How to Set a $10/Day Budget Cap for Your AI Agents

Published March 17, 2026

An AI agent without a budget cap is a credit card without a limit. One stuck loop, one unexpectedly large context window, one misconfigured prompt — and your LLM bill can spike from dollars to hundreds of dollars in minutes.

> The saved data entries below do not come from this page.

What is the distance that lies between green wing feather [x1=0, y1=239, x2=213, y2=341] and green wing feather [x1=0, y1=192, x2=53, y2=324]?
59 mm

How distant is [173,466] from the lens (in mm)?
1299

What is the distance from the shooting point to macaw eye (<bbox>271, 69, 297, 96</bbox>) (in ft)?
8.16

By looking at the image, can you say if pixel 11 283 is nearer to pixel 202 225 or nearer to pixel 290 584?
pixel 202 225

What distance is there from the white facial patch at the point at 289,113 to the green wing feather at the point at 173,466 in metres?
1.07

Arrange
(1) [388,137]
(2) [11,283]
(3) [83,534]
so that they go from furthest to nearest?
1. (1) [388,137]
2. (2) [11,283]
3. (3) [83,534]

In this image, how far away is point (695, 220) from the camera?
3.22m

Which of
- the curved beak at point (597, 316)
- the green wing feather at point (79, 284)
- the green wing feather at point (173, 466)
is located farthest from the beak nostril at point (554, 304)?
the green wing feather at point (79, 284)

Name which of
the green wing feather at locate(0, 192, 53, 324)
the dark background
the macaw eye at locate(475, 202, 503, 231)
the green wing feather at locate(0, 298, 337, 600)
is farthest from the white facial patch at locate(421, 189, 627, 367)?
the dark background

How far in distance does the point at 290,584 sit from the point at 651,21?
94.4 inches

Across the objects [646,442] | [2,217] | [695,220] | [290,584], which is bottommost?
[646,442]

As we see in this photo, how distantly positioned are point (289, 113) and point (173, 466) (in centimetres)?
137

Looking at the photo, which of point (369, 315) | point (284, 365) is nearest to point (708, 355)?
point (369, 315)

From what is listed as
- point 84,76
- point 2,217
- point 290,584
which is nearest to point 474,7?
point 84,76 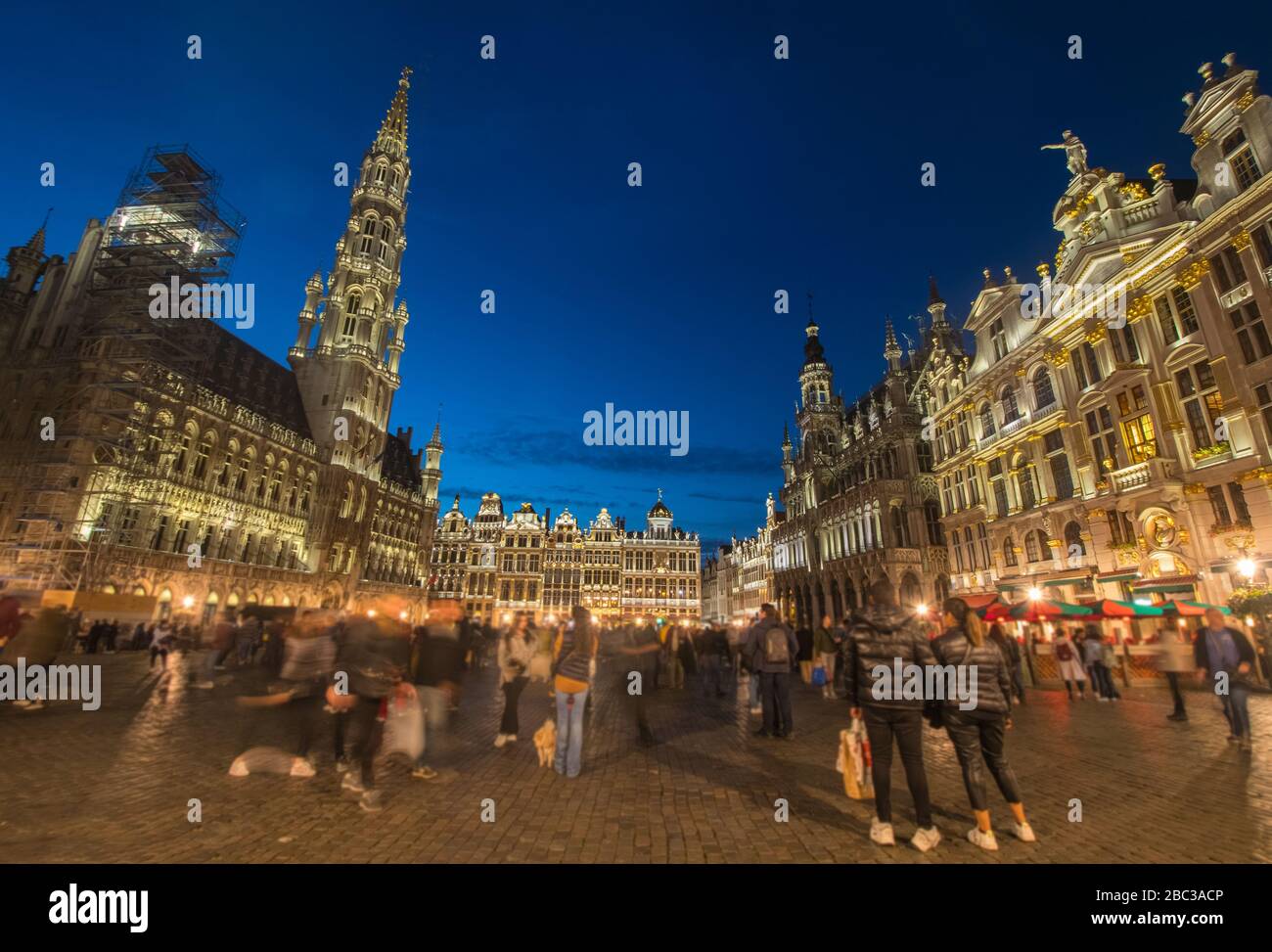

This tutorial shows you how to set a $10/day budget cap using the Curate-Me gateway. The cap applies to all LLM calls from your agents, across all providers (OpenAI, Anthropic, Google, DeepSeek, and 50+ others). Setup takes under five minutes. No code changes required.

How It Works

The Curate-Me gateway sits between your agents and LLM providers. Every request passes through a governance chain — a 5-step policy pipeline that evaluates the request before it reaches the provider:

Rate limiting — requests per minute per org/key
Cost estimation — estimated cost vs. per-request and daily budget
PII scanning — blocks secrets and PII before they reach providers
Model allowlist — enforces which models can be used
HITL gate — flags high-cost requests for human approval

The cost estimation step is where budget enforcement happens. Before proxying a request, the gateway estimates its cost based on the model, input tokens, and expected output tokens. It then checks:

Will this single request exceed the per-request cost limit?
Will this request push the org’s daily spend over the daily budget?

If either check fails, the request is denied with a 429 status code and a clear error message explaining why. The agent never reaches the LLM provider, so you are never charged.

The cost tracking itself uses Redis for real-time accumulation (sub-millisecond reads) and MongoDB for audit persistence. Every request’s actual cost is recorded after the response completes, including prompt tokens, completion tokens, reasoning tokens, and cache tokens. The daily accumulator resets at midnight UTC.

Prerequisites

A Curate-Me account (sign up free )
Your API key (cm_sk_xxx) from the dashboard
An existing application that makes LLM API calls

Step 1: Point Your SDK at the Gateway

Change your base URL to route through Curate-Me. This is a one-line change in your environment configuration:


# Before (direct to OpenAI):
OPENAI_BASE_URL=https://api.openai.com/v1
 
# After (through Curate-Me gateway):
OPENAI_BASE_URL=https://api.curate-me.ai/v1/openai

Add your Curate-Me API key as a header. Here is how it looks in code:

Python (OpenAI SDK)


from openai import OpenAI
 
client = OpenAI(
    base_url="https://api.curate-me.ai/v1/openai",
    default_headers={"X-CM-API-Key": "cm_sk_xxx"},
)
 
# All calls now flow through the governance chain
response = client.chat.completions.create(
    model="gpt-4o",
    messages=[{"role": "user", "content": "Summarize this document."}],
)

TypeScript (OpenAI SDK)


import OpenAI from 'openai'
 
const client = new OpenAI({
  baseURL: 'https://api.curate-me.ai/v1/openai',
  defaultHeaders: { 'X-CM-API-Key': 'cm_sk_xxx' },
})
 
const response = await client.chat.completions.create({
  model: 'gpt-4o',
  messages: [{ role: 'user', content: 'Summarize this document.' }],
})

Anthropic, Google, DeepSeek

The gateway supports 50+ providers. Swap the provider segment in the URL:


# Anthropic
ANTHROPIC_BASE_URL=https://api.curate-me.ai/v1/anthropic
 
# Google (Gemini)
GOOGLE_BASE_URL=https://api.curate-me.ai/v1/google
 
# DeepSeek
DEEPSEEK_BASE_URL=https://api.curate-me.ai/v1/deepseek

The same X-CM-API-Key header works for all providers. One key, one budget, all providers.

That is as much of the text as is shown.